▸ Data block

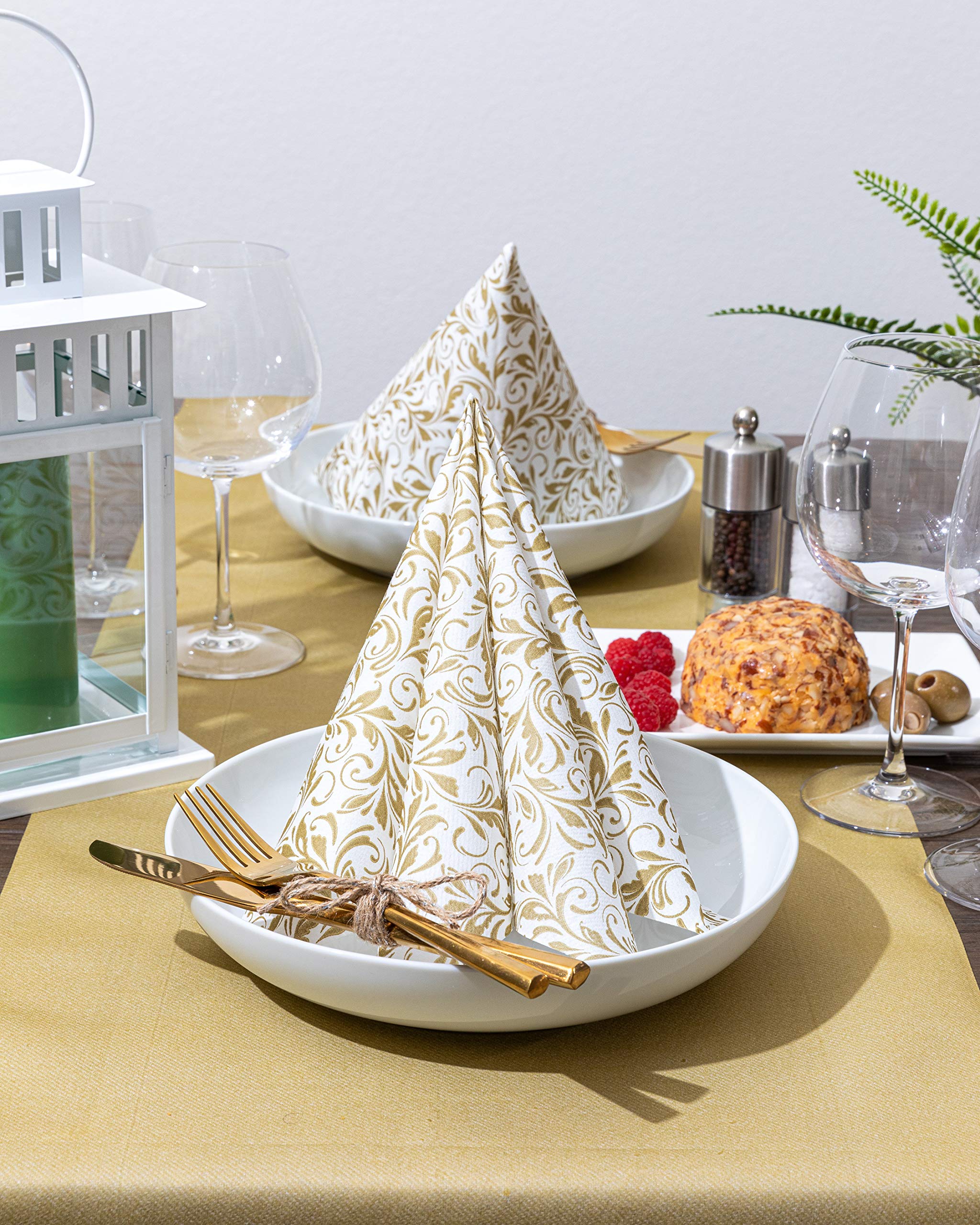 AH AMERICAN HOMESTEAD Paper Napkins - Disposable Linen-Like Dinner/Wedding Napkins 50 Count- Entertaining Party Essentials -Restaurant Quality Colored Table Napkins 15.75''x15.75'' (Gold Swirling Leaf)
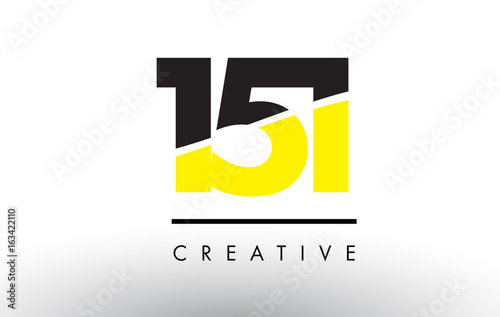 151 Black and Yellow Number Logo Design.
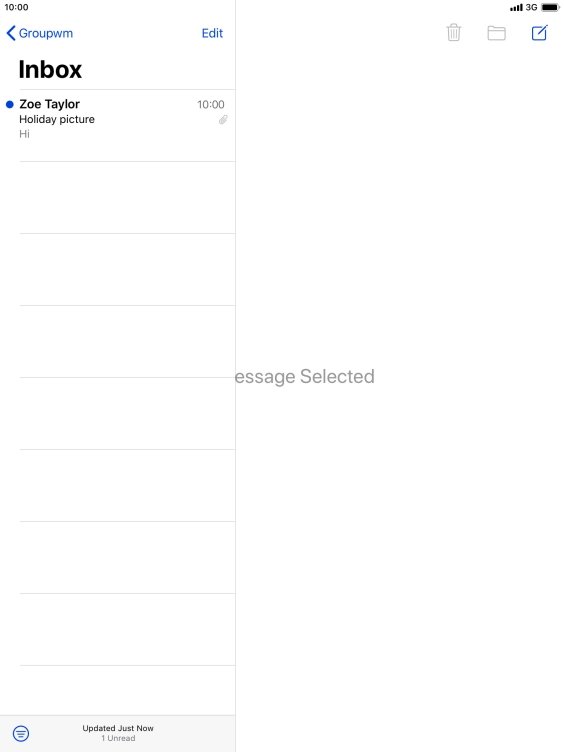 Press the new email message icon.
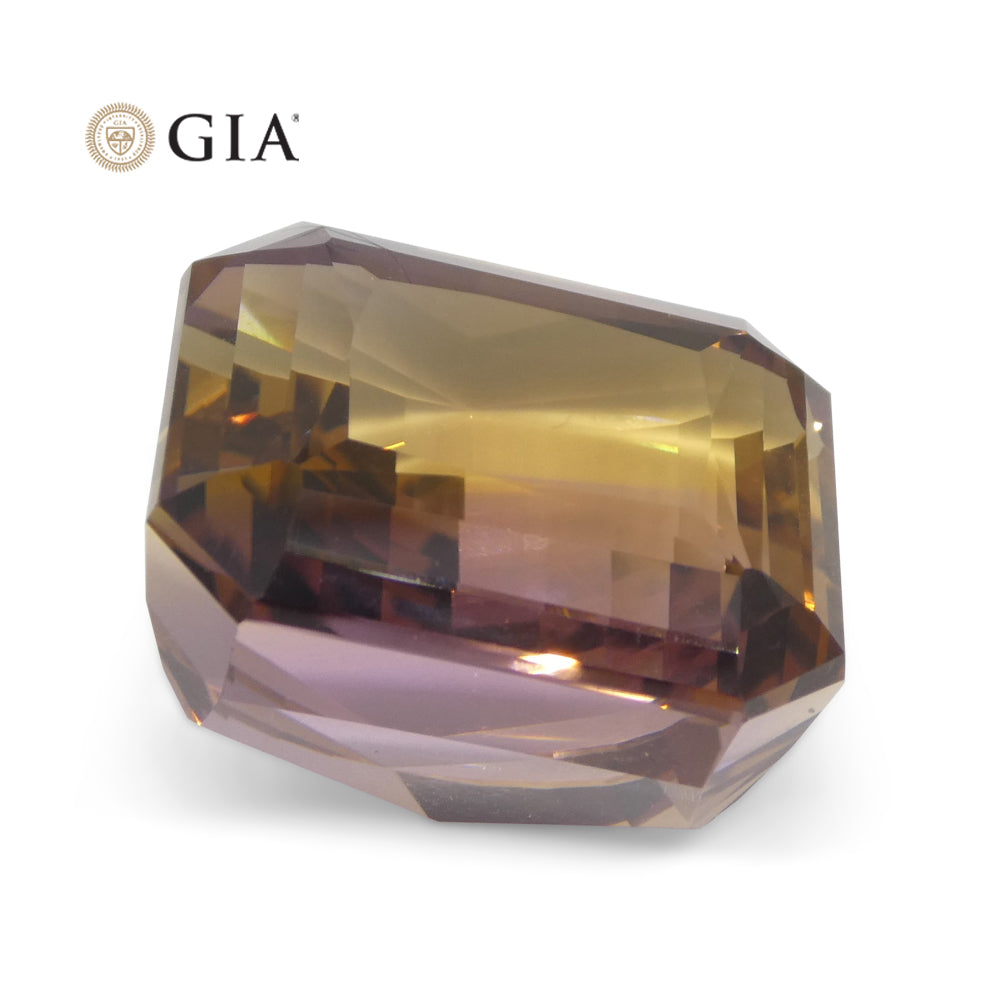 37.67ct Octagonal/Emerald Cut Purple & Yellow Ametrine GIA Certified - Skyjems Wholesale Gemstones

▸ Exercise brief
An exact copy of the lines from the line containing "Press the new email message icon." through the final line of the listing, without pictures, is the expected result.

▸ Solution to the exercise
 Press the new email message icon.
 37.67ct Octagonal/Emerald Cut Purple & Yellow Ametrine GIA Certified - Skyjems Wholesale Gemstones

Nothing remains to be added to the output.